Another example includes a former high school teacher in Des Moines, who was sentenced to two years of probation for having a sexual relationship with a student in May. About seven months later his license according to the BOEE’s database is still active and does not indicate his past.

District administrators could learn about these cases from a potential background check. However, background checks can’t pick up investigations into an applicant, like a Union School Teacher who resigned during an investigation into inappropriate emails. His license has no notice about an investigation, even his attorney told us he was reported to the BOEE and planned to settle soon.

This isn’t the case for all licenses. An i9 Investigation uncovered a teacher accused of misconduct that Linn-Mar let resign quietly for personal reasons. His license is noted with a past disciplinary action, which was a written reprimand.
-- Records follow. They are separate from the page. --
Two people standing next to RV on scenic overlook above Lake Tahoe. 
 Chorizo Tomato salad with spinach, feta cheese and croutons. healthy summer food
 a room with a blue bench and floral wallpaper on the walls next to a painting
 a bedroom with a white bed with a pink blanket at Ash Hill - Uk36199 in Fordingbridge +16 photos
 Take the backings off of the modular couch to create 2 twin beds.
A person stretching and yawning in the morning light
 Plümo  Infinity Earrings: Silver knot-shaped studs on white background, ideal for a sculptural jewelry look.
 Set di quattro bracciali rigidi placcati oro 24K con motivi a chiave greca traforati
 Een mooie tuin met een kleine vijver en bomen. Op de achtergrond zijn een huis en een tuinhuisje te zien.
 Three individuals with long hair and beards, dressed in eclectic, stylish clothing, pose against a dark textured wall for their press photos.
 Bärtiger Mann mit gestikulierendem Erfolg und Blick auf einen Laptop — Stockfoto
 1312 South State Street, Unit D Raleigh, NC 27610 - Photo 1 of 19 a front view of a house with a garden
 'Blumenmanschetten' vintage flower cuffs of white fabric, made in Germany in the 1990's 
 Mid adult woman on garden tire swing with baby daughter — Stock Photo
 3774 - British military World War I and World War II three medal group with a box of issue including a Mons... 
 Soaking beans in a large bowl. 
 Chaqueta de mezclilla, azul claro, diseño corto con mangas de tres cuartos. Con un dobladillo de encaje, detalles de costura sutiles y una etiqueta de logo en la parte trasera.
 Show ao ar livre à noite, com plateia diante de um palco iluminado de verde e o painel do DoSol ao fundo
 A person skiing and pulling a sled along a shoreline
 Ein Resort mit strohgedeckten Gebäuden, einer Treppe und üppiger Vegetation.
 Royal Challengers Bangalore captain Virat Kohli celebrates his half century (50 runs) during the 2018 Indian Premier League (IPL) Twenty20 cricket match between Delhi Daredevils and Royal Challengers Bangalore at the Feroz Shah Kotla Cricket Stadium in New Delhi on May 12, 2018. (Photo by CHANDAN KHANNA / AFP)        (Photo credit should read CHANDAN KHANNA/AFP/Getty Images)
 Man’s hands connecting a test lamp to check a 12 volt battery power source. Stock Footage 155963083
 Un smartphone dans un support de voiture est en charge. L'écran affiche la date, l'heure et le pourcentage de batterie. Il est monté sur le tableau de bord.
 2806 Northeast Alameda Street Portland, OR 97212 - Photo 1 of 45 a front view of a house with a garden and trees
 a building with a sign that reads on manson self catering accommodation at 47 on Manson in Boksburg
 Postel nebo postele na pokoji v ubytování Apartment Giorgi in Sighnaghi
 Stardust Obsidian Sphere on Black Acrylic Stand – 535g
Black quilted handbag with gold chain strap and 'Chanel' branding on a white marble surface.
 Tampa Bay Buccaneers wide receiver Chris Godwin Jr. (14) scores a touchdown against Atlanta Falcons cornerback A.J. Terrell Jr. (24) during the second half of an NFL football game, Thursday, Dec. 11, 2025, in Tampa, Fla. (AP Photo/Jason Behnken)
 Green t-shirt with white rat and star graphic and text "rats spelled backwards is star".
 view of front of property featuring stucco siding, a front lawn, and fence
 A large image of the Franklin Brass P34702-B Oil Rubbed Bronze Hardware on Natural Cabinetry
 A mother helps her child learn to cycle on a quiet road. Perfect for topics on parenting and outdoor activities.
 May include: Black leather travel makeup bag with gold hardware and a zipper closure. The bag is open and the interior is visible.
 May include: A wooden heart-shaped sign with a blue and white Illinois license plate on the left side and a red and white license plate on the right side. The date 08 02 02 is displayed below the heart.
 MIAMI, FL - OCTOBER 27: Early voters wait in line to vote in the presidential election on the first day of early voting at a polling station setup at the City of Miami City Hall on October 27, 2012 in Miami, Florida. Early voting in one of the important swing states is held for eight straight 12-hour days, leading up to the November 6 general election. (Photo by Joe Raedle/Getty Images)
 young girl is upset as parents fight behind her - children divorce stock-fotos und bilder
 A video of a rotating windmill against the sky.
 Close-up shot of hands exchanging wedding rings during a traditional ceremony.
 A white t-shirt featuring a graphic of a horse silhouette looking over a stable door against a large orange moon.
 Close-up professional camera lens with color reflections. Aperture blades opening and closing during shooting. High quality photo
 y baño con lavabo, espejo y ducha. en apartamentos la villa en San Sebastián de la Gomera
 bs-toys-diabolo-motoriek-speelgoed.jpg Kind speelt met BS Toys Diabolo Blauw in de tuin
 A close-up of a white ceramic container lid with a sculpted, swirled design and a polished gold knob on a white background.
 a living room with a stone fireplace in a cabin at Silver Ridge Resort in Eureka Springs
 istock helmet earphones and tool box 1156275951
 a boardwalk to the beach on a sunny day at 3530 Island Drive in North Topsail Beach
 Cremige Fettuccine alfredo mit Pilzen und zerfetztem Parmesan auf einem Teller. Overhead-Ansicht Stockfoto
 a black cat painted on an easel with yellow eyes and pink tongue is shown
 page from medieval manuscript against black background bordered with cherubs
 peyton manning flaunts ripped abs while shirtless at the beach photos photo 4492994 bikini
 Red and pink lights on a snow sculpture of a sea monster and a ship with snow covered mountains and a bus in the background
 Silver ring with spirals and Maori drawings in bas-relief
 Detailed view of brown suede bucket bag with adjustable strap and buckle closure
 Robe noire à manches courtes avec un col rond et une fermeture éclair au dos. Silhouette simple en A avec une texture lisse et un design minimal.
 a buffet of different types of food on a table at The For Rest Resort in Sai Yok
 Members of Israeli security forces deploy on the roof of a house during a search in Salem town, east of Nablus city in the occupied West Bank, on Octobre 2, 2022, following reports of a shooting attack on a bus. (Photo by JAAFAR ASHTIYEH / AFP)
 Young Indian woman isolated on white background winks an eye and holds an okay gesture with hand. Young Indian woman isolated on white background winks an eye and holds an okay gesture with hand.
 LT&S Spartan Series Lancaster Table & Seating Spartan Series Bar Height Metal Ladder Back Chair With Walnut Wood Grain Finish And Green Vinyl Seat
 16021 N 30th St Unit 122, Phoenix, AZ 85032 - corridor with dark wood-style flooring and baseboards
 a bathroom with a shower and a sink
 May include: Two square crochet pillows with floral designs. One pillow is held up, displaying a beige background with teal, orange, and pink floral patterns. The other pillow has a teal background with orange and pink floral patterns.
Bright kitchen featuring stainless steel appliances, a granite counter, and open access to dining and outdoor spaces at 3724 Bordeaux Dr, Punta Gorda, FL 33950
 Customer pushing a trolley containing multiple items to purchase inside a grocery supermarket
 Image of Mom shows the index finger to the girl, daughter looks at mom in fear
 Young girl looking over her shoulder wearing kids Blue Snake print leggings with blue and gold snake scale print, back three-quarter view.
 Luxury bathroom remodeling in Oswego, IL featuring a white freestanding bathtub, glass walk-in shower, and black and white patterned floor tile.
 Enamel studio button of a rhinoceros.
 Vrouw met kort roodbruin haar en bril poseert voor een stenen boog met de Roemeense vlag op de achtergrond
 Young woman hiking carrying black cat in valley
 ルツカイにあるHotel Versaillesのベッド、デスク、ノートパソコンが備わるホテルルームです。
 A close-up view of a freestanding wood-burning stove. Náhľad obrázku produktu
The BOEE declined an on-camera interview with our i9 Investigative Team and didn’t send a statement either. The board, which has 13 employees and 10 board members, is funded through licensure fees. Those fees haven’t increased over the 15 years, according to documents i9 received.

Changes possible to the BOEE

The Iowa Board of Educational Examiners receives no money from the state legislature. However, it might be subjected to new changes from the legislature this upcoming legislative session.

Rep. Dustin Hite (R-New Sharon), who is the chair of the house education committee, said he’s been looking at proposing legislation to take away licenses from teachers when they plead guilty to certain crimes at the Board of Educational Examiner or in a court of law, like sexual offenses. He said he’s frustrated by the number of teachers, who act badly and then just receive a written reprimand.

“The vast majority of teachers, by far, are good people are doing great work with students,” Rep. Hite said. “But there’s a few that aren’t that are harming our students and we need to do something about that”

He also said he’s interested in hearing about different solutions for other problems involving the board.

“Kinda what I would say is everything is on the table,” he said. “If somebody comes up with a good idea, that I think is a good idea, I’m happy to run with that too.”

Rep. Art Staed (D-Cedar Rapids) thanked our i9 Investigation Team for exposing these problems and alerting lawmakers and the public. He said he’s ready to write bills to address our findings but wants to look more closely at the issue to see where changes are needed versus more enforcement techniques.

“I will certainly continue to look at these issues to determine where we need better enforcement of current law and where we need to make changes,” Rep. Staed said. “The legislature has acted in each of the last two sessions and can improve the law again. If there are still loopholes, we can close them.”